Branding at its simplest is anything that makes your business entity beloved, familiar, and at the forefront of a potential client’s consciousness. Branding shows ads to a target audience wherever they are in the sales journey, often before that person needs a lawyer. The hope is that when they do need a lawyer, the brand is already in their consciousness. Brands take a long time and a lot of money to develop, but eventually a brand can be worth millions and lead to a steady stream of new clients. A great thought experiment (or party trick) is to ask a room full of people to close their eyes, say the phrase “red soda can,” and then raise their hands if they imagined a can of Coca-Cola. Most people will raise their hand. That’s the power of a brand.
In contrast, direct response ads aim at closing a transaction as quickly as possible and are shown to an audience that has already shown intent to act (i.e., hire a lawyer). This is done by offering ads in response to particular search queries and/or browsing history. The goal is to create a positive return on investment (ROI; also referred to as “return on advertising spend” or ROAS) as soon as possible. Direct response marketing is very effective for goods or services that satisfy a specific need that cannot be postponed. As will be discussed below, this is what happens when a potential client types their search query into a browser indicating that they’re looking for a lawyer. The potential client is shown an ad responding to their intent, which the law firm hopes will initiate a “direct response.”
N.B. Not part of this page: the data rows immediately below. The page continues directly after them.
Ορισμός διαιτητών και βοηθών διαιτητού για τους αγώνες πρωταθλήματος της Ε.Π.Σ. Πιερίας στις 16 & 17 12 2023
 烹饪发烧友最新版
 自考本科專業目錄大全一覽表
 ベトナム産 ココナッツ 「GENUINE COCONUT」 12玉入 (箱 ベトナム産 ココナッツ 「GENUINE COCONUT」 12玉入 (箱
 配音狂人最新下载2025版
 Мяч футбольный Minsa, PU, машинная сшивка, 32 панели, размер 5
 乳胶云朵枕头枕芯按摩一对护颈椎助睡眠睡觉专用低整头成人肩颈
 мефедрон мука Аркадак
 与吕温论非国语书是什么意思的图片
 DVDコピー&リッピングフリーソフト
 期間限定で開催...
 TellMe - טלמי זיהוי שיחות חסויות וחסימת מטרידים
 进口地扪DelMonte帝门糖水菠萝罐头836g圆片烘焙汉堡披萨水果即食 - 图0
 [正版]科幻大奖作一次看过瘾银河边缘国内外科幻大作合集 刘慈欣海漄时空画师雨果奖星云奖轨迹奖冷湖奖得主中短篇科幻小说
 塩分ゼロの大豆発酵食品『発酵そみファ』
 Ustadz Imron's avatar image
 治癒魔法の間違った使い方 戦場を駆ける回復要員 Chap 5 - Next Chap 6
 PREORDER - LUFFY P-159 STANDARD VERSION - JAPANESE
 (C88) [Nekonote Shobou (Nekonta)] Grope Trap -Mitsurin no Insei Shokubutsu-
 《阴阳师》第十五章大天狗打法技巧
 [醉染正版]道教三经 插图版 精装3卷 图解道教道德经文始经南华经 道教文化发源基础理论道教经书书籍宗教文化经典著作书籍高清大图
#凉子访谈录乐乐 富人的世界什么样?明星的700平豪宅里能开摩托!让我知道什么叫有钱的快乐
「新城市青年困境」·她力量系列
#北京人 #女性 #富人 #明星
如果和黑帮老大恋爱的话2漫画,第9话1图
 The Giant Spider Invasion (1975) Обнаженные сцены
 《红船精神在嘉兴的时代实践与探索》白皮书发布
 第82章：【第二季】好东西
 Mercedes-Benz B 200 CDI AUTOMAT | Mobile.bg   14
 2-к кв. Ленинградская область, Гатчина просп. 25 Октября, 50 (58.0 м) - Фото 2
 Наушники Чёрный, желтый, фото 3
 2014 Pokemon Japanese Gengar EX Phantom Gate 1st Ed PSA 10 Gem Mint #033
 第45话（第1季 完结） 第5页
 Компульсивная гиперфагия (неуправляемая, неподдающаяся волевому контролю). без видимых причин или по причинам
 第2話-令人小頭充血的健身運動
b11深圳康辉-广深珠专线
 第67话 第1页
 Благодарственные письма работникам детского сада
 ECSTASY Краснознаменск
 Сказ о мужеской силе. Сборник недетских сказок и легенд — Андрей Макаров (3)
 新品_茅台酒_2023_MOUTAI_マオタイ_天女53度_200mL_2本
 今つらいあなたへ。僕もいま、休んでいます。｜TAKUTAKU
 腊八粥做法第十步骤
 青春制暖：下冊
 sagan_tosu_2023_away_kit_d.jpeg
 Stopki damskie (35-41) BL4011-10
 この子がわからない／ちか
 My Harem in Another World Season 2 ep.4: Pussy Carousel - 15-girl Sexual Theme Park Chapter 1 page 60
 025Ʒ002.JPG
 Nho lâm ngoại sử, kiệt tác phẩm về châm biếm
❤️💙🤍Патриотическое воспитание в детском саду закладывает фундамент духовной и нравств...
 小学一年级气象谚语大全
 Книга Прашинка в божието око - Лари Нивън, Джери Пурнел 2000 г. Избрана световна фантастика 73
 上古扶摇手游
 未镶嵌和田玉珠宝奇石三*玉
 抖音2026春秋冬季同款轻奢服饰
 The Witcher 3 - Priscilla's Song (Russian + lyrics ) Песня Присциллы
In the world of online marketing, search engine optimization (SEO) and display ads tend to be more effective for brand building while search ads are a more effective tool for direct response.
III. The Advertising Funnel Explained
Advertisers often use a funnel to describe the customer journey. The top of the funnel is where a prospective client first learns about your law firm. The bottom of the funnel is where your firm gets paid and your client’s matter is resolved. A good advertising funnel will ensure the client’s journey from the top of the funnel to the bottom is seamless, which will prevent potential clients from seeking legal representation elsewhere.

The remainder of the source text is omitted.